A further variable that unsettles the assumptions and expectations of defamation law concerns the idea of community. The law of defamation is grounded in the concept of a community, where one’s reputation is enjoyed, that is relatively discrete and identifiable. Needless to say, diversity and dramatic changes in community demographics demonstrated the limits of this concept long before the internet. The issue is magnified in the connected world, which comprises a macro community of intersecting, disparate and wildly divergent participants, many of who may care little for the protection of reputation. In addition are any number of micro communities where the online culture is more or less tolerant of unfettered expression, including defamatory content. In these circumstances, how defamation law can plausibly define community – to determine whether reputation has been affected by defamatory material – presents inordinately difficult questions.
These dynamics confirm the obvious, that the internet is a frontier that calls for a major re-think of defamation law’s foundations and objectives. That is not all, either, because these observations do not account for other difficult questions about the responsibility of intermediaries (such as ISPs); protocols for notice-and-takedown; jurisdiction over lawsuits; and anonymous defamatory content, among others.

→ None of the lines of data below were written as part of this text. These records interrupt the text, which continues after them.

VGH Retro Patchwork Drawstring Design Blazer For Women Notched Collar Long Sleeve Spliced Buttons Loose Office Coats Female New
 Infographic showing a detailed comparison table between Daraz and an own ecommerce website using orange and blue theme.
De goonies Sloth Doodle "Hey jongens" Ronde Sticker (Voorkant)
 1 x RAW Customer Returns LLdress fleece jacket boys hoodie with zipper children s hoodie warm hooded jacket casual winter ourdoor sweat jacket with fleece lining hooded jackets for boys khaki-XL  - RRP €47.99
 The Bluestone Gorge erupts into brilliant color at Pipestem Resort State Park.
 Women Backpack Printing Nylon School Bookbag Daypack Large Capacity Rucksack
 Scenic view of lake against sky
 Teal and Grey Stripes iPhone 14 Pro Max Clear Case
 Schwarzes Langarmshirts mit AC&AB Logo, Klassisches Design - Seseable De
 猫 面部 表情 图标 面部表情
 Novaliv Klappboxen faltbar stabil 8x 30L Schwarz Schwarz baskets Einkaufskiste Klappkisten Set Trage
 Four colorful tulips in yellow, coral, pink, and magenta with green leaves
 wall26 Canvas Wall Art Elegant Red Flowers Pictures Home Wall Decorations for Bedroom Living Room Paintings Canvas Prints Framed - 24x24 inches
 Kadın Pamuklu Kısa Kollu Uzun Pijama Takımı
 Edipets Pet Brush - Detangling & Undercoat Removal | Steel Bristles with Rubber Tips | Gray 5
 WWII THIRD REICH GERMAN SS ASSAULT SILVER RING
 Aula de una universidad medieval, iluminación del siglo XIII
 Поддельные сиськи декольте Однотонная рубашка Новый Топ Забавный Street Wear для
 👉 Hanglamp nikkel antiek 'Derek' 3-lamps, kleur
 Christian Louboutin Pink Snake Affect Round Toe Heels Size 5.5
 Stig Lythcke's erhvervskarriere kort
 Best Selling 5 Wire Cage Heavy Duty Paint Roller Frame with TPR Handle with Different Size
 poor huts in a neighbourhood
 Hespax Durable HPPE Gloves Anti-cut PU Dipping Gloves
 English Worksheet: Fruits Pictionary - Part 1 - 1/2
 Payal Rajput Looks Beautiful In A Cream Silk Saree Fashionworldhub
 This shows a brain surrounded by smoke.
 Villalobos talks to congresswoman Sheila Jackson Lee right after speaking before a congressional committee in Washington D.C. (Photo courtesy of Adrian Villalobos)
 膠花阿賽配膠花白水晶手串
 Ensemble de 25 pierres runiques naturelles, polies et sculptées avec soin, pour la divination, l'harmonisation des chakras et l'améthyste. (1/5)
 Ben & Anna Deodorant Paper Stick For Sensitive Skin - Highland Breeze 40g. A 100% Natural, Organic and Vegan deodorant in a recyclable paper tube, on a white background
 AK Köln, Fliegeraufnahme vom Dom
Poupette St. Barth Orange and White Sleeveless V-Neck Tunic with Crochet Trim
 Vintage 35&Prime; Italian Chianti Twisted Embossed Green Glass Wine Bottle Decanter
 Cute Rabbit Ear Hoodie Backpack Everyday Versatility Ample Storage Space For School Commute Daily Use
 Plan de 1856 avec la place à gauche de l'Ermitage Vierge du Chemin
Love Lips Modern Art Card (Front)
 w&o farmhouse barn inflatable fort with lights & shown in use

As well, the internet offers alternatives to lawsuits, and this may also argue against a generous conception of liability for online defamation. It is the tort action’s purpose to supply a remedy to those who are wronged and have no way to mitigate or counter defamatory falsehood. What a difference technology makes: platforms for counter speech and other forms of self help (i.e., reputation management; take-downs) are readily available online. While it would be unwise to overstate the point – as questions of access, power and relative voice surface online as elsewhere – the internet, importantly, is multi-directional. Though it might not eliminate reputational harm, internet counter measures can, in principle, substantially mitigate the wrong in some or many cases.
A final consideration is manageability and whether a concept of internet defamation can deliver on its promise to enforce the law. At the least, defamation’s antiquated rules are ill equipped to answer the difficult questions arising from online reputational harm. To maintain legitimacy and credibility, a law of internet defamation will have to choose when and how to intervene. This will clearly require the assumptions and expectations of defamation law to be recalibrated, realistically, to the world of global online communication. In the end, a model for online defamation law might not bear great resemblance to the status quo.
If the questions are imponderable and the challenge formidable, the need for a response to online reputational harm cannot be ignored. The key to any initiative for internet defamation is a well-considered concept of responsibility: of who is accountable for defamatory content, in what circumstances, and to what extent. In undertaking those issues the LCO project is a timely initiative and crucible for testing the limits of defamation law on the internet.